«И мы поклонились Тебе в лице Тобой данной нам власти»

23 июня 2018 Феликс Светов

Феликс Светов (настоящая фамилия Фридлянд; 1927–2002) — диссидент, писатель. Муж диссидентки и правозащитницы Зои Крахмальниковой. Окончил филологический факультет МГУ. Один из авторов солженицынского сборника «Из-под глыб», а также многих статей, напечатанных в 70-80-е годы на Западе и в Самиздате. В 1980 г. исключен из Союза писателей СССР за антисоветскую деятельность, в январе 1985 года, после года тюрьмы, приговорен к пяти годам ссылки; вернулся в Москву в 1987 году и был реабилитирован. Автор романов «Отверзи ми двери», «Тюрьма», «Мое открытие музея», книги «Опыт биографии», очерков и рассказов.
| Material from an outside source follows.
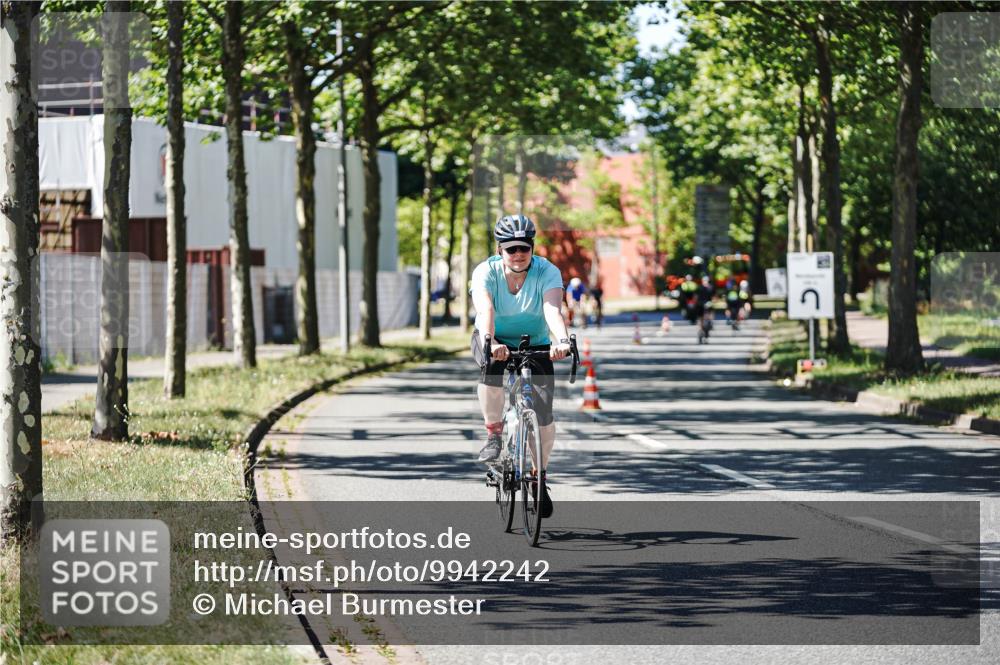09.08.2026 - GEWOBA Citytriathlon Bremen Michael Burmester http://msf.ph/oto/9942242 09.08.2026 14:25:33 Radfahren 333, 518 meine-sportfotos.de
Предлагаем вашему вниманию отрывок из рассказа Феликса Светова «Легенда о великом старце».

Феликс Светов, 1981/Фото Игоря Пальмина

***

Действие происходит у меня в середине 30-х годов, могу сказать даже точно — в 38-м, в январе или начале февраля. (…) Это случилось где-то в провинции в каком-нибудь маленьком городе центральной России. Да хоть в Свияжске. Историческое, кстати, место, овеянное русской славой. Но то было, помнится, в XVI веке, когда Иван Грозный воевал Казань. А тут городок прославился совсем другим. Говорят, в Свияжске был открыт в 20-е годы удивительный памятник. В Москве и Питере тогда появились памятники Разину, Марату и Робеспьеру, а Свияжск всех переплюнул — изваяли Иуду Искариота. Это даже вообразить трудно, но страна у нас удивительная, а время было совсем непостижимое.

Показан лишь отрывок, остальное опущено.